When one looks at Coleridge’s very different conception of a “pleasure dome”, one sees that it revolves partly round gardens and partly round caverns, rivers, forests and mountains with “deep romantic chasms”—in short, round what is called Nature. But the whole notion of admiring Nature, and feeling a sort of religious awe in the presence of glaciers, deserts or waterfalls, is bound up with the sense of man’s littleness and weakness against the power of the universe. The moon is beautiful partly because we cannot reach it, the sea is impressive because one can never be sure of crossing it safely. Even the pleasure one takes in a flower—and this is true even of a botanist who knows all there is to be known about the flower—is dependent partly on the sense of mystery. But meanwhile man’s power over Nature is steadily increasing. With the aid of the atomic bomb we could literally move mountains: we could even, so it is said, alter the climate of the Earth by melting the polar ice-caps and irrigating the Sahara. Isn’t there, therefore, something sentimental and obscurantist in preferring bird-song to swing music and in wanting to leave a few patches of wildness here and there instead of covering the whole surface of the earth with a network of Autobahnen flooded by artificial sunlight?

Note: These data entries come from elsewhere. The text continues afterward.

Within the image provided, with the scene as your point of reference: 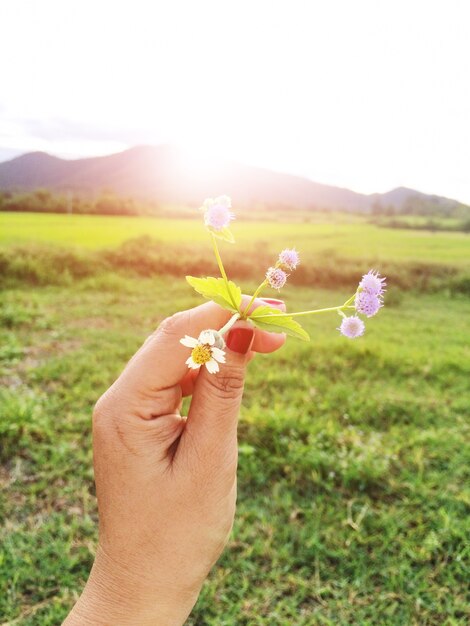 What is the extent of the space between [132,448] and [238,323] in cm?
51

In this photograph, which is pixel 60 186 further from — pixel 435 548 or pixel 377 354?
pixel 435 548

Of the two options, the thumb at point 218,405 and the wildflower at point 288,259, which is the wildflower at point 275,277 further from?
the thumb at point 218,405

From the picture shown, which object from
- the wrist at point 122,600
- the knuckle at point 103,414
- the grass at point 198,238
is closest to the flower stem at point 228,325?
the knuckle at point 103,414

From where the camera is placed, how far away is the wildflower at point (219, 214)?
123cm

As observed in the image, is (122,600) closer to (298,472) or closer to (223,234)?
(223,234)

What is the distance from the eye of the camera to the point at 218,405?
1.62 meters

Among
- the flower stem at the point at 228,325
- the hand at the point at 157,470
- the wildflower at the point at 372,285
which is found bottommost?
the hand at the point at 157,470

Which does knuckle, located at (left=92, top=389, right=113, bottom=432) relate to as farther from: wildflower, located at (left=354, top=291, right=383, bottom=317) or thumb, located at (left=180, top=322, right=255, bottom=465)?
wildflower, located at (left=354, top=291, right=383, bottom=317)

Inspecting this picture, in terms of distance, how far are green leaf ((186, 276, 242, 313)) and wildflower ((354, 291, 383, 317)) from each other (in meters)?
0.32

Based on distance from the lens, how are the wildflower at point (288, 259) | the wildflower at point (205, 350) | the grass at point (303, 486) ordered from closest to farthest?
the wildflower at point (205, 350) → the wildflower at point (288, 259) → the grass at point (303, 486)

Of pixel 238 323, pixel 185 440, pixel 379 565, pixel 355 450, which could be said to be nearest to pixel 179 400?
pixel 185 440

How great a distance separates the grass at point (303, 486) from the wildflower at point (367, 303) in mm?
2288

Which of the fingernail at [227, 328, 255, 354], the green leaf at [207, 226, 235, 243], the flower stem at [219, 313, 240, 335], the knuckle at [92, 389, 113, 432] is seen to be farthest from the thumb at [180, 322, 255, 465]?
the green leaf at [207, 226, 235, 243]

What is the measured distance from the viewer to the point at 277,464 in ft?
13.0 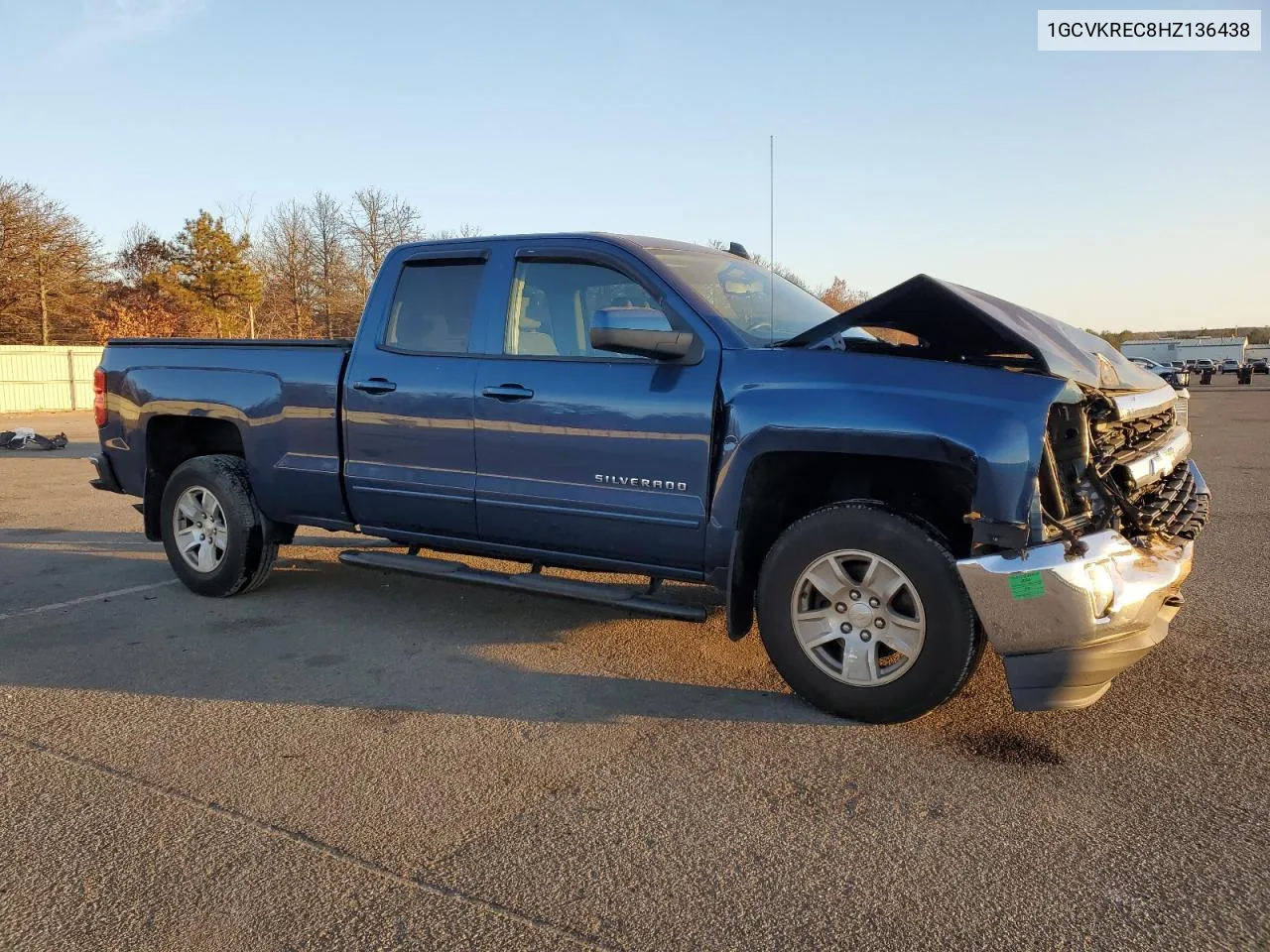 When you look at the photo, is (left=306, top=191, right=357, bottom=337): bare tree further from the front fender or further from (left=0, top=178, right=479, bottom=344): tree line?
the front fender

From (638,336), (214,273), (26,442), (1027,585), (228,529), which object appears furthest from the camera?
(214,273)

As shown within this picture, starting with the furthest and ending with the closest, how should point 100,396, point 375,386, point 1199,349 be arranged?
point 1199,349 → point 100,396 → point 375,386

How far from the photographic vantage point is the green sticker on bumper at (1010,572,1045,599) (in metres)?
3.21

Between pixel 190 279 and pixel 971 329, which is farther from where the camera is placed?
pixel 190 279

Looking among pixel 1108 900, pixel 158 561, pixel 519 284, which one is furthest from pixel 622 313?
pixel 158 561

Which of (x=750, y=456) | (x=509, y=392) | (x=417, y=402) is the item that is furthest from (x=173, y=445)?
(x=750, y=456)

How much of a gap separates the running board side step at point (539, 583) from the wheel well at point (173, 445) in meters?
1.36

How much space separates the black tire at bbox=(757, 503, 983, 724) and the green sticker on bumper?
212mm

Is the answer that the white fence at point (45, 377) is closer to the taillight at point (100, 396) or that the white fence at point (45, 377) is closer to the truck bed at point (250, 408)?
the taillight at point (100, 396)

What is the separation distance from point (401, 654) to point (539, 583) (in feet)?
2.59

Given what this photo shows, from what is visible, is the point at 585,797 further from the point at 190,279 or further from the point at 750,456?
the point at 190,279

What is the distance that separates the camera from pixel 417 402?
15.9ft

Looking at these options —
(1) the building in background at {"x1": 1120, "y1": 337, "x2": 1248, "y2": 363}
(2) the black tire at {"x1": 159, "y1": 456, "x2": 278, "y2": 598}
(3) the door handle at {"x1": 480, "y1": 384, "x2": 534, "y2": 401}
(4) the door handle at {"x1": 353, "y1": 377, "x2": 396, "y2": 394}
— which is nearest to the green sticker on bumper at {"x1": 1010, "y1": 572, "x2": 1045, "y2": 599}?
(3) the door handle at {"x1": 480, "y1": 384, "x2": 534, "y2": 401}

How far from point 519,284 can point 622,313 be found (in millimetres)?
920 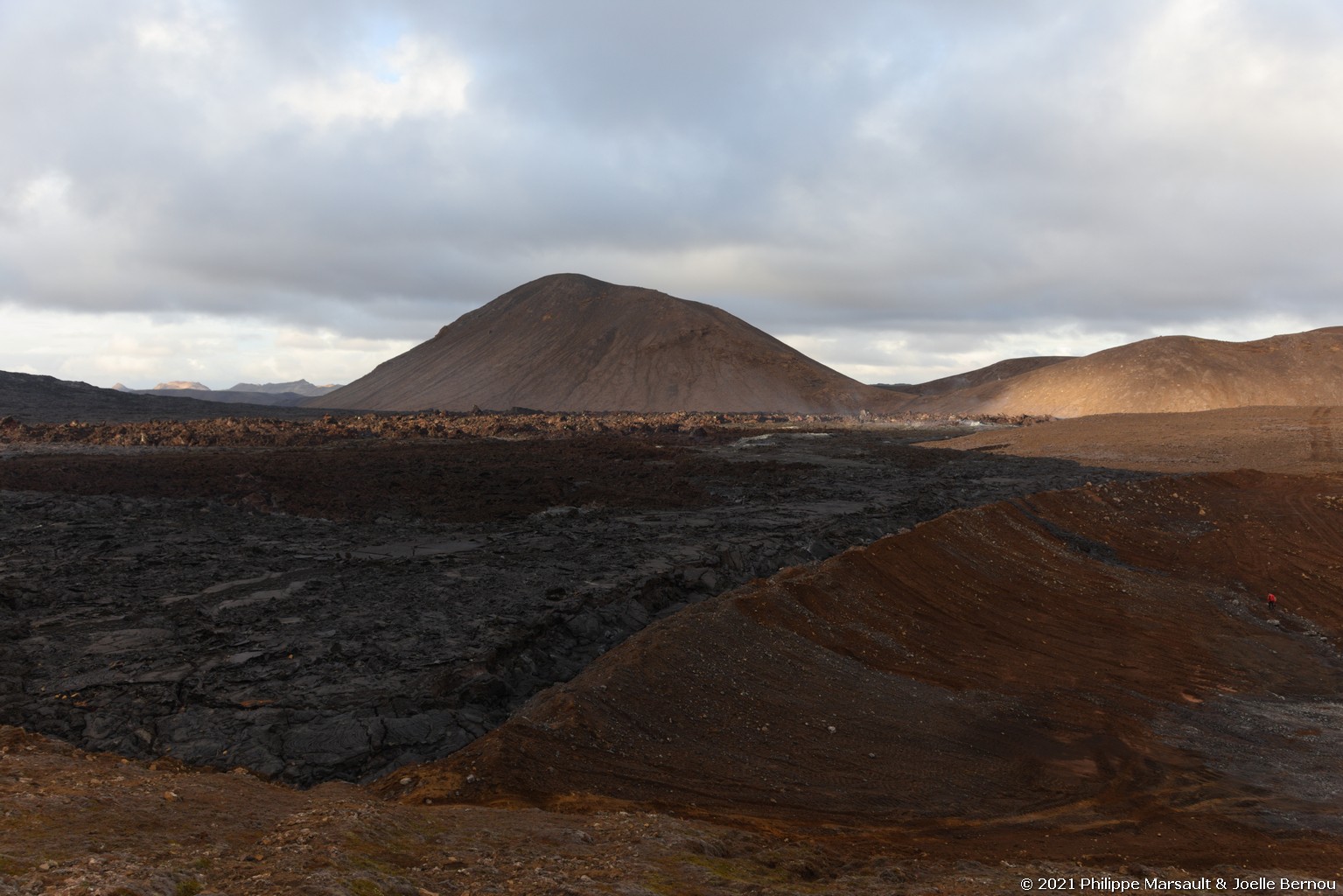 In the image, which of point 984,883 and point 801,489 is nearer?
point 984,883

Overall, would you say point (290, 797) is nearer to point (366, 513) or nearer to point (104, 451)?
point (366, 513)

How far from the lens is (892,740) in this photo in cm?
839

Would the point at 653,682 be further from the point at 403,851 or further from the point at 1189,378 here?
the point at 1189,378

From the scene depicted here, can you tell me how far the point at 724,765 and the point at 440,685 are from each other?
3.44 meters

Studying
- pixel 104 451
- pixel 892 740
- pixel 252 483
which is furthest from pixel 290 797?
pixel 104 451

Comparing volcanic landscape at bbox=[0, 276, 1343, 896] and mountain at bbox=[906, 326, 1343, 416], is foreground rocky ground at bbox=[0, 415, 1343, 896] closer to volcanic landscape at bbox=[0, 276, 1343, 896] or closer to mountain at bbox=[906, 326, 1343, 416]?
volcanic landscape at bbox=[0, 276, 1343, 896]

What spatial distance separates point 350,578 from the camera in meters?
13.8

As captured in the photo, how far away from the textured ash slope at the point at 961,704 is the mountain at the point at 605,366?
9577cm

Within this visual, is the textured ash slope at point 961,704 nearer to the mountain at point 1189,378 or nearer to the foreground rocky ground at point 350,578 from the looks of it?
the foreground rocky ground at point 350,578

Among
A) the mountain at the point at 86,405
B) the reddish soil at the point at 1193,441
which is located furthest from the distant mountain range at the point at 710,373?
the reddish soil at the point at 1193,441

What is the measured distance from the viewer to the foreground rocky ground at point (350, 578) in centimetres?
815

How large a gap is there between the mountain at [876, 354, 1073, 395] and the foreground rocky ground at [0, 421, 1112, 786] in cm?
10228

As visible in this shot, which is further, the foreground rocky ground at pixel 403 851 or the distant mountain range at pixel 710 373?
the distant mountain range at pixel 710 373

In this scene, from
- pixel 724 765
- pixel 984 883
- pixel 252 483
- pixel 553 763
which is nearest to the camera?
pixel 984 883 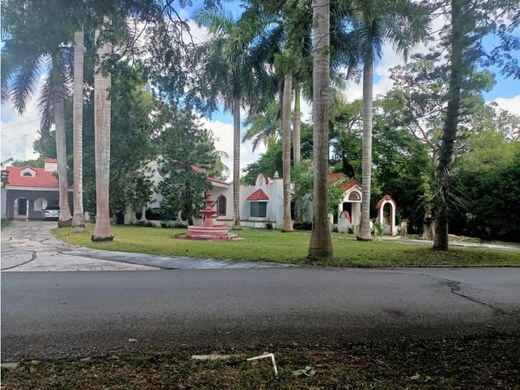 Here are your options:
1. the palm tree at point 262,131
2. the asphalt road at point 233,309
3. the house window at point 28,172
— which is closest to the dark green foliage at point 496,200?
the asphalt road at point 233,309

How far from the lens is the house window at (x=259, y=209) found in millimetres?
33194

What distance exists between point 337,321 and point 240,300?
6.10 feet

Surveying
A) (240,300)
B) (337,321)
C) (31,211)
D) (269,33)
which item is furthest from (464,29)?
(31,211)

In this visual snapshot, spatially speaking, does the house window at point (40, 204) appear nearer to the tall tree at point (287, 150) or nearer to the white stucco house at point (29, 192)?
the white stucco house at point (29, 192)

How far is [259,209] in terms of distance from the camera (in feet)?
110

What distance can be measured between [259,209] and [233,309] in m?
27.2

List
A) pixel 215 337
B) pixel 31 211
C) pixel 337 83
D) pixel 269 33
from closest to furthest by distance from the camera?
pixel 215 337 < pixel 269 33 < pixel 337 83 < pixel 31 211

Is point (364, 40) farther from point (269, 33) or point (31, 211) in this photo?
point (31, 211)

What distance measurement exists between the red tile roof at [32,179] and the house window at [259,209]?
54.6 ft

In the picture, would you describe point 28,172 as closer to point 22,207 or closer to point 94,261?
point 22,207

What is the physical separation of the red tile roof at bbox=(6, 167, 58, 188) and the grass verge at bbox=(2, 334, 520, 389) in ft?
114

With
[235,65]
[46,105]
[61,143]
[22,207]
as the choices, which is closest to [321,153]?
[235,65]

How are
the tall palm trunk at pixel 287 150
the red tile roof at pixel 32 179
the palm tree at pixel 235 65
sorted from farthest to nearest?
the red tile roof at pixel 32 179, the tall palm trunk at pixel 287 150, the palm tree at pixel 235 65

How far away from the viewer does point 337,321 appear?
5875 mm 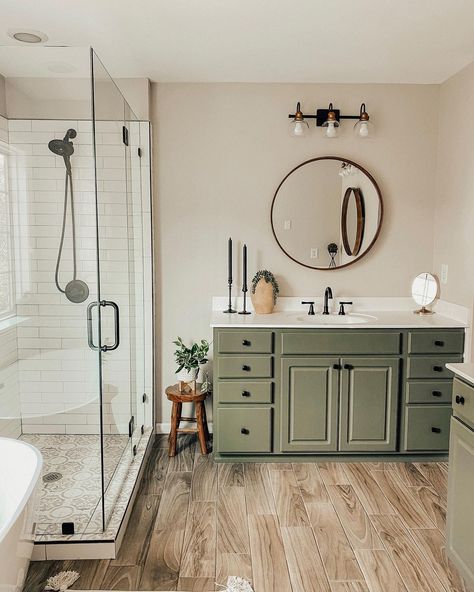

The question only arises because in exploring the physical universe man has made no attempt to explore himself. Much of what goes by the name of pleasure is simply an effort to destroy consciousness. If one started by asking, what is man? what are his needs? how can he best express himself ? one would discover that merely having the power to avoid work and live one’s life from birth to death in electric light and to the tune of tinned music is not a reason for doing so. Man needs warmth, society, leisure, comfort and security: he also needs solitude, creative work and the sense of wonder. If he recognised this he could use the products of science and industrialism eclectically, applying always the same test: does this make me more human or less human? He would then learn that the highest happiness does not lie in relaxing, resting, playing poker, drinking and making love simultaneously. And the instinctive horror which all sensitive people feel at the progressive mechanisation of life would be seen not to be a mere sentimental archaism, but to be fully justified. For man only stays human by preserving large patches of simplicity in his life, while the tendency of many modern inventions—in particular the film, the radio and the aeroplane—is to weaken his consciousness, dull his curiosity, and, in general, drive him nearer to the animals.